Goal of the exercise
Look below for the line with "Recambio de biela". Retype it and every line after it to the end, exactly, but leave out the pictures.

━━━━━ Supplied records ━━━━━

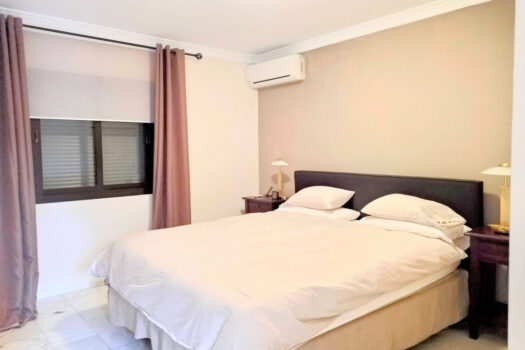 3 Bed Detached Villa for sale in Nueva Andalucia, Costa del Sol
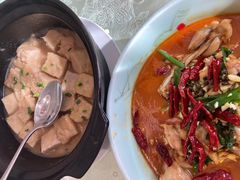 -乐和餐饮(活力源店)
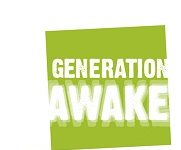 generationawake1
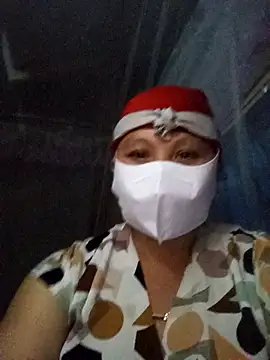 Heylen hooo online show from 02-26-26, 01:54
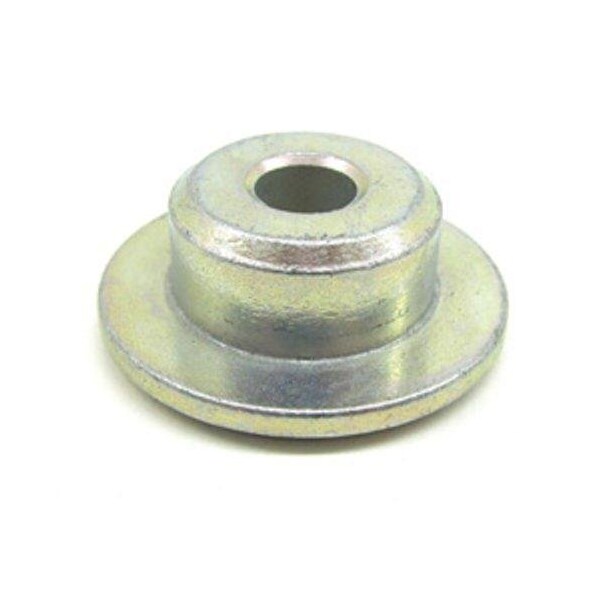 Ilc Replacement for Ezgo / Cushman / Textron 25756g1 - 25756G1 EZGO / CUSHMAN / TEXTRON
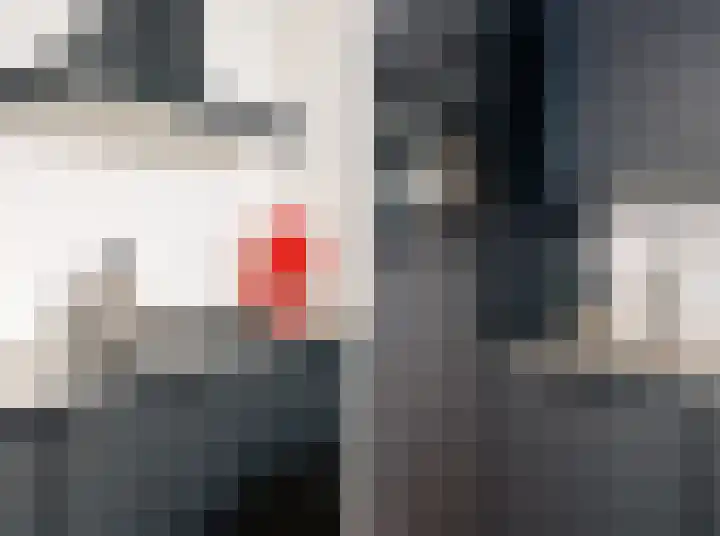 Tweede Jan van der Heijdenstraat 2 H Amsterdam thumbnail 12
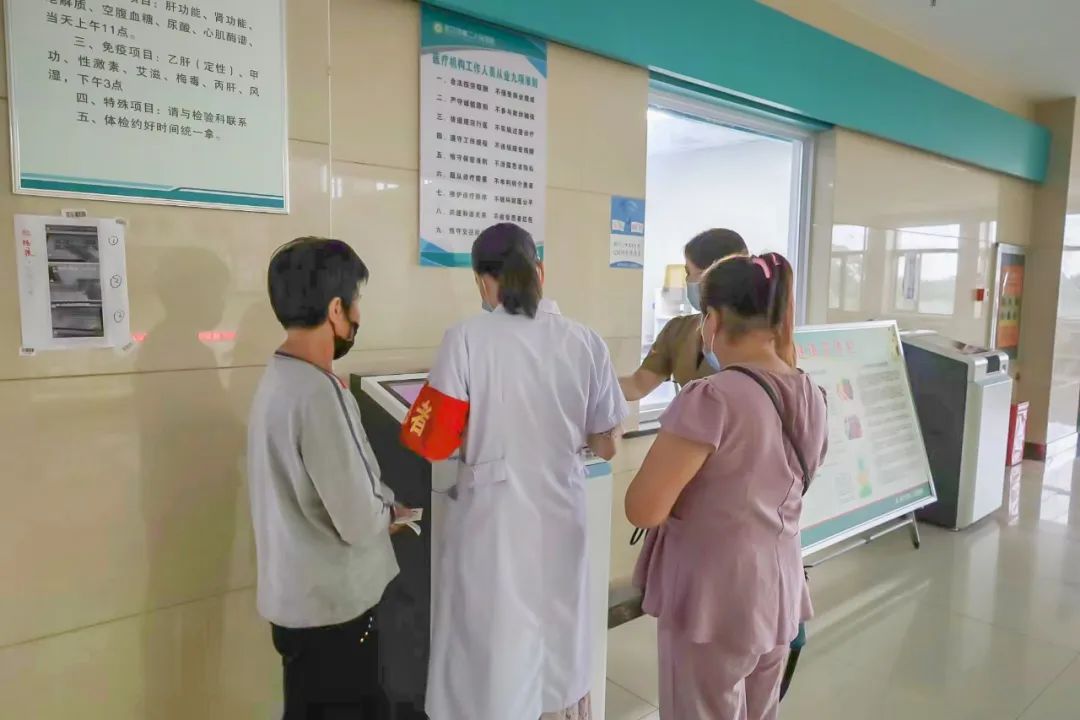 关于北京中医药大学第三附属医院挂号票贩子自我推荐，为患者解决一切就医难题的信息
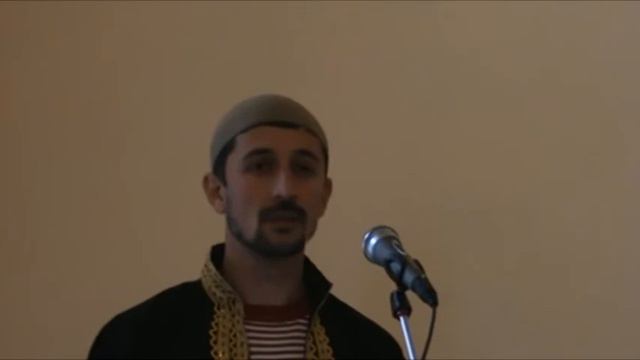 Хаджилер ичюн сез смотреть онлайн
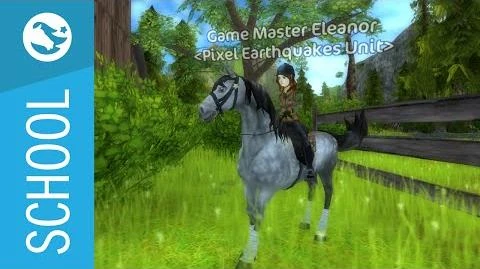 Game Master | Starstableonline Wiki | Fandom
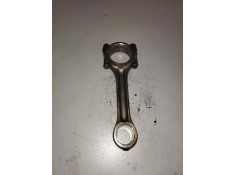 Recambio de biela para nissan trucks atleon atleon 150.21 referencia OEM IAM 121049X740  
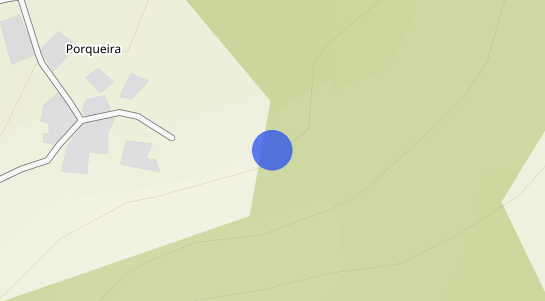 Precios inmobiliarios Arzon (Negreira)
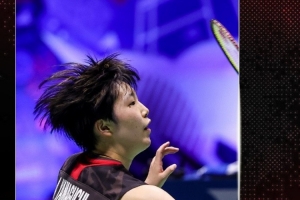 面临大规模 面临大规模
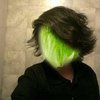 Avatar of Necrolechuga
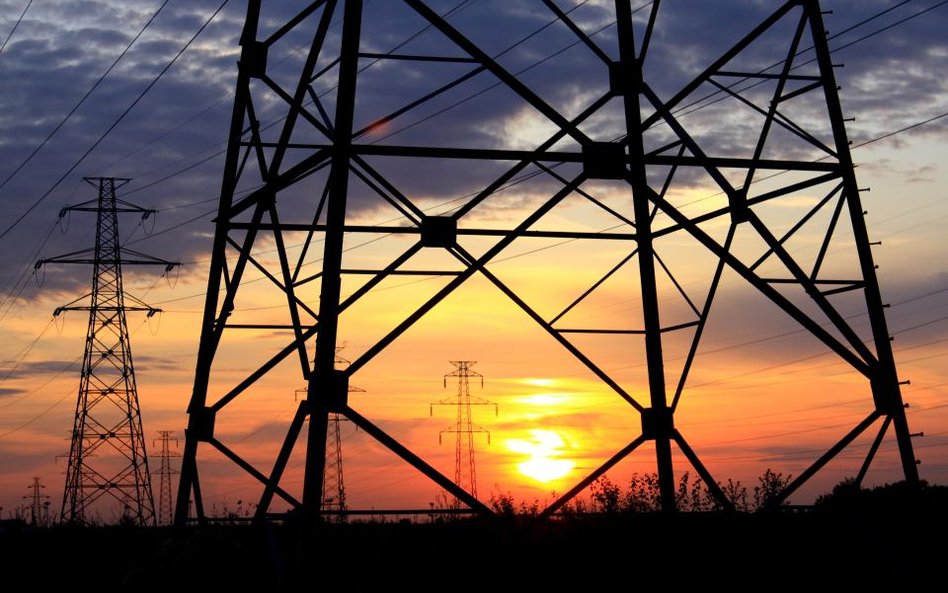 Komisja Europejska chce zmienić zasady opodatkowania energii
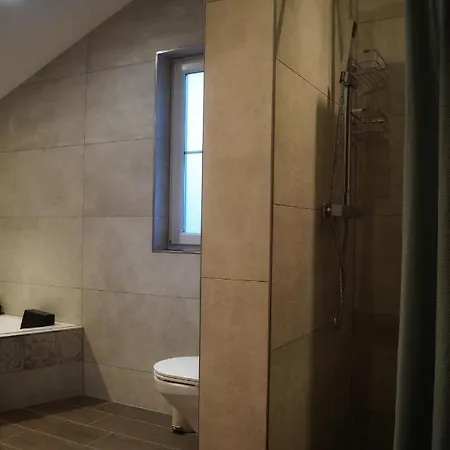 Apartamento Alpbachtal Radfeld
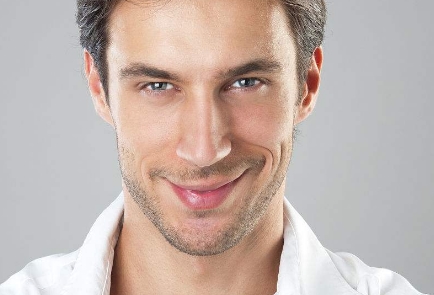 2023蘭州整形醫(yī)院推薦！去疤痕瘢痕效果好的前十大醫(yī)院盤點(diǎn)！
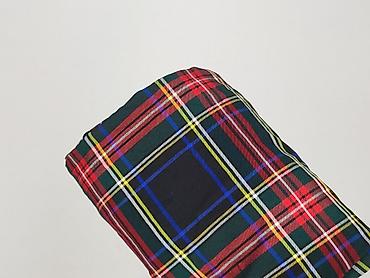 prada dres: Spodnie materiałowe damskie, rozmiar M — 6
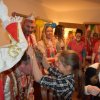 09.02.2018 - Richtfest Dolle Hippen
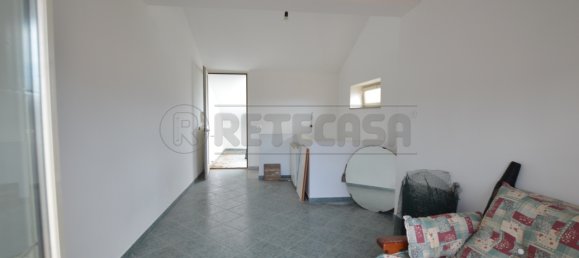 Casa T4 em Messina, Italy N.º 361450 23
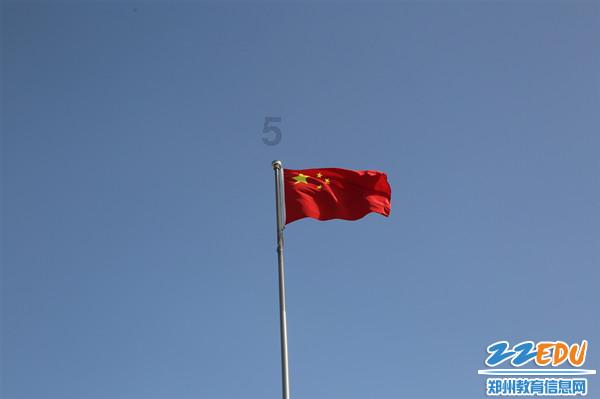 老公对我失望想离婚怎么办？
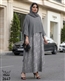 🛒 لباس زنانه سایز بزرگ شاپ ۱۰۰ 🛒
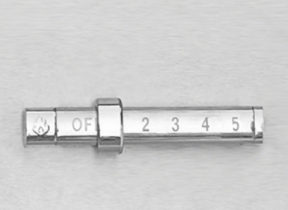 雙頭大炒爐鍋灶直銷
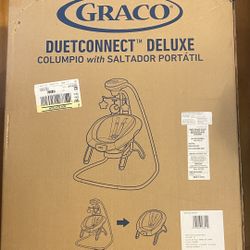 Baby Bouncer / Swing 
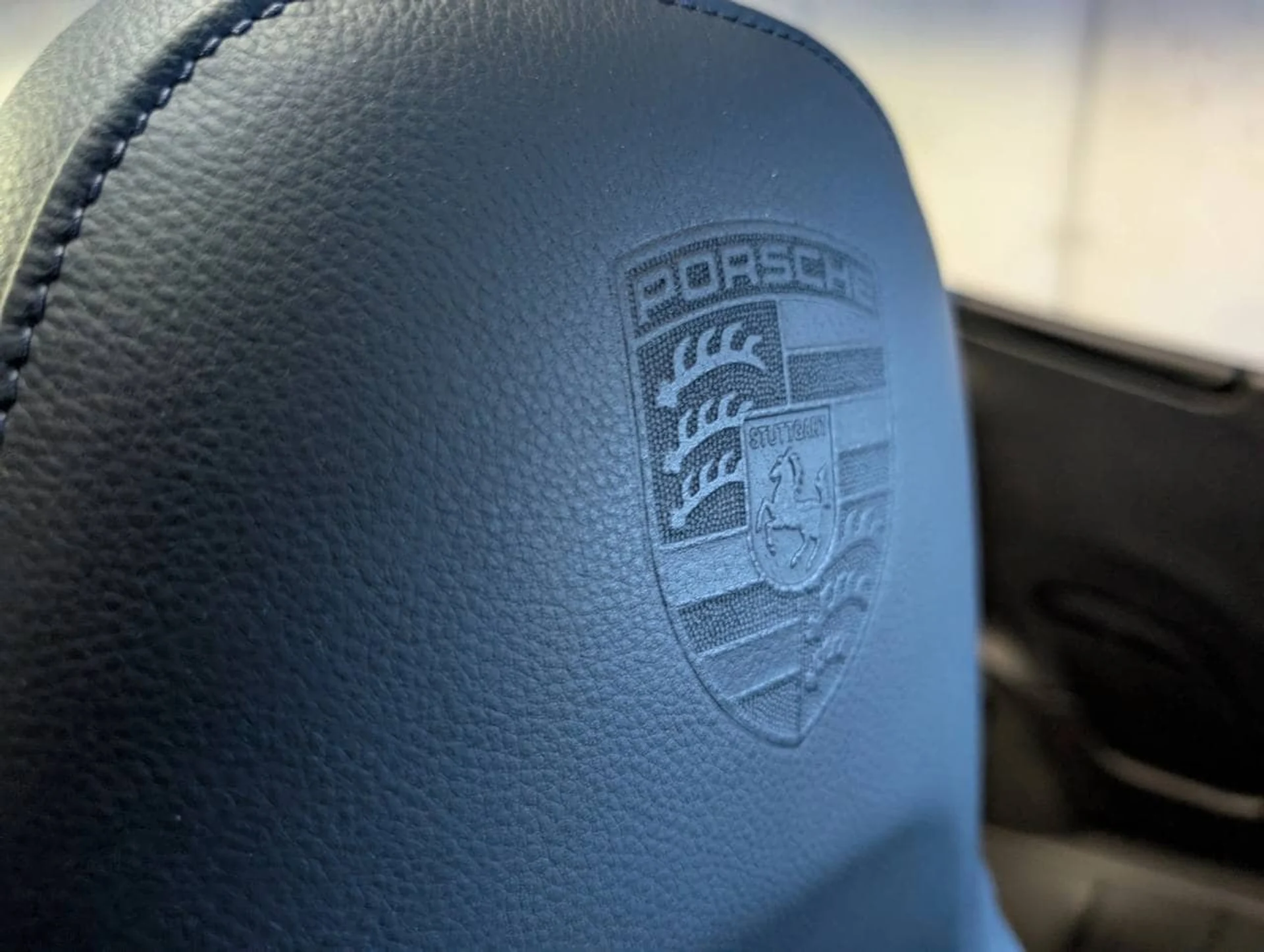 mph022_1282895439_02cf93063d3760cf4dbb438f809c0191x_23336265b0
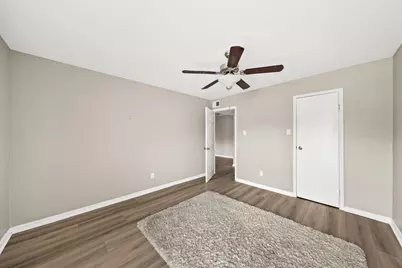 9090 S Braeswood Boulevard #75, Houston, TX 77074 - Photo 15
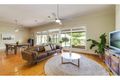 Property photo of 59 Dover Street Malvern SA 5061
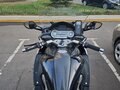 2012 BMW K 1600 GTL, синий, 1150000 рублей - вид 5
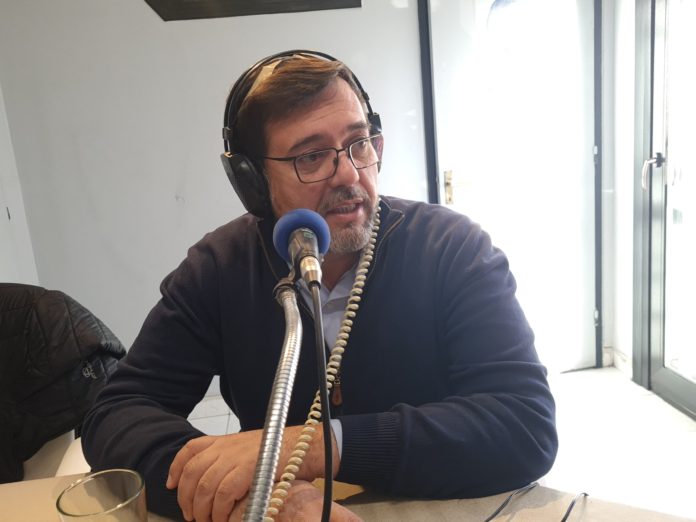 Entrevista1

━━━━━

Result of the task
 Recambio de biela para nissan trucks atleon atleon 150.21 referencia OEM IAM 121049X740  
 Precios inmobiliarios Arzon (Negreira)
 面临大规模 面临大规模
 Avatar of Necrolechuga
 Komisja Europejska chce zmienić zasady opodatkowania energii
 Apartamento Alpbachtal Radfeld
 2023蘭州整形醫(yī)院推薦！去疤痕瘢痕效果好的前十大醫(yī)院盤點(diǎn)！
 prada dres: Spodnie materiałowe damskie, rozmiar M — 6
 09.02.2018 - Richtfest Dolle Hippen
 Casa T4 em Messina, Italy N.º 361450 23
 老公对我失望想离婚怎么办？
 🛒 لباس زنانه سایز بزرگ شاپ ۱۰۰ 🛒
 雙頭大炒爐鍋灶直銷
 Baby Bouncer / Swing 
 mph022_1282895439_02cf93063d3760cf4dbb438f809c0191x_23336265b0
 9090 S Braeswood Boulevard #75, Houston, TX 77074 - Photo 15
 Property photo of 59 Dover Street Malvern SA 5061
 2012 BMW K 1600 GTL, синий, 1150000 рублей - вид 5
 Entrevista1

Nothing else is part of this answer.